Title: Kernel SHAP
Version: 0.8.0
Description: Efficient implementation of Kernel SHAP (Lundberg and Lee, 2017, <doi:10.48550/arXiv.1705.07874>) permutation SHAP, and additive SHAP for model interpretability. For Kernel SHAP and permutation SHAP, if the number of features is too large for exact calculations, the algorithms iterate until the SHAP values are sufficiently precise in terms of their standard errors. The package integrates smoothly with meta-learning packages such as 'tidymodels', 'caret' or 'mlr3'. It supports multi-output models, case weights, and parallel computations. Visualizations can be done using the R package 'shapviz'.
License: GPL-2 | GPL-3 [expanded from: GPL (≥ 2)]
Depends: R (≥ 3.2.0)
Encoding: UTF-8
RoxygenNote: 7.3.2
Imports: foreach, MASS, stats, utils
Suggests: doFuture, testthat (≥ 3.0.0)
Config/testthat/edition: 3
URL: https://github.com/ModelOriented/kernelshap
BugReports: https://github.com/ModelOriented/kernelshap/issues
NeedsCompilation: no
Packaged: 2025-07-08 18:26:23 UTC; mayer
Author: Michael Mayer ORCID iD [aut, cre], David Watson ORCID iD [aut], Przemyslaw Biecek ORCID iD [ctb]
Maintainer: Michael Mayer <mayermichael79@gmail.com>
Repository: CRAN
Date/Publication: 2025-07-08 22:00:09 UTC

Additive SHAP

Description

Exact additive SHAP assuming feature independence. The implementation works for models fitted via

Usage

additive_shap(object, X, verbose = TRUE, ...)

Arguments

object

Fitted additive model.

X

Dataframe with rows to be explained. Passed to predict(object, newdata = X, type = "terms").

verbose

Set to FALSE to suppress messages.

...

Currently unused.

Details

The SHAP values are extracted via predict(object, newdata = X, type = "terms"), a logic adopted from fastshap:::explain.lm(..., exact = TRUE). Models with interactions (specified via : or *), or with terms of multiple features like log(x1/x2) are not supported.

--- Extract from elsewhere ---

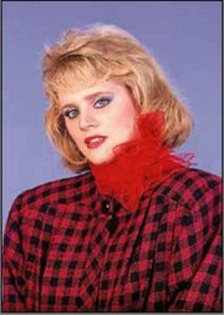 246866_1929148682455_1654358166_1904258_7448450_a - Erika Buenfil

Note that the SHAP values obtained by additive_shap() are expected to match those of permshap() and kernelshap() as long as their background data equals the full training data (which is typically not feasible).

Value

An object of class "kernelshap" with the following components:

Examples

# MODEL ONE: Linear regression
fit <- lm(Sepal.Length ~ ., data = iris)
s <- additive_shap(fit, head(iris))
s

# MODEL TWO: More complicated (but not very clever) formula
fit <- lm(
  Sepal.Length ~ poly(Sepal.Width, 2) + log(Petal.Length) + log(Sepal.Width),
  data = iris
)
s_add <- additive_shap(fit, head(iris))
s_add

# Equals kernelshap()/permshap() when background data is full training data
s_kernel <- kernelshap(
 fit, head(iris[c("Sepal.Width", "Petal.Length")]), bg_X = iris
)
all.equal(s_add$S, s_kernel$S)

Check for kernelshap

Description

Is object of class "kernelshap"?

Usage

is.kernelshap(object)

Arguments

object

An R object.

Value

TRUE if object is of class "kernelshap", and FALSE otherwise.

See Also

kernelshap()

Examples

fit <- lm(Sepal.Length ~ ., data = iris)
s <- kernelshap(fit, iris[1:2, -1], bg_X = iris[, -1])
is.kernelshap(s)
is.kernelshap("a")

Kernel SHAP

Description

Efficient implementation of Kernel SHAP, see Lundberg and Lee (2017), and Covert and Lee (2021), abbreviated by CL21. By default, for up to p=8 features, exact Kernel SHAP values are returned (with respect to the selected background data). Otherwise, an almost exact hybrid algorithm combining exact calculations and iterative paired sampling is used, see Details.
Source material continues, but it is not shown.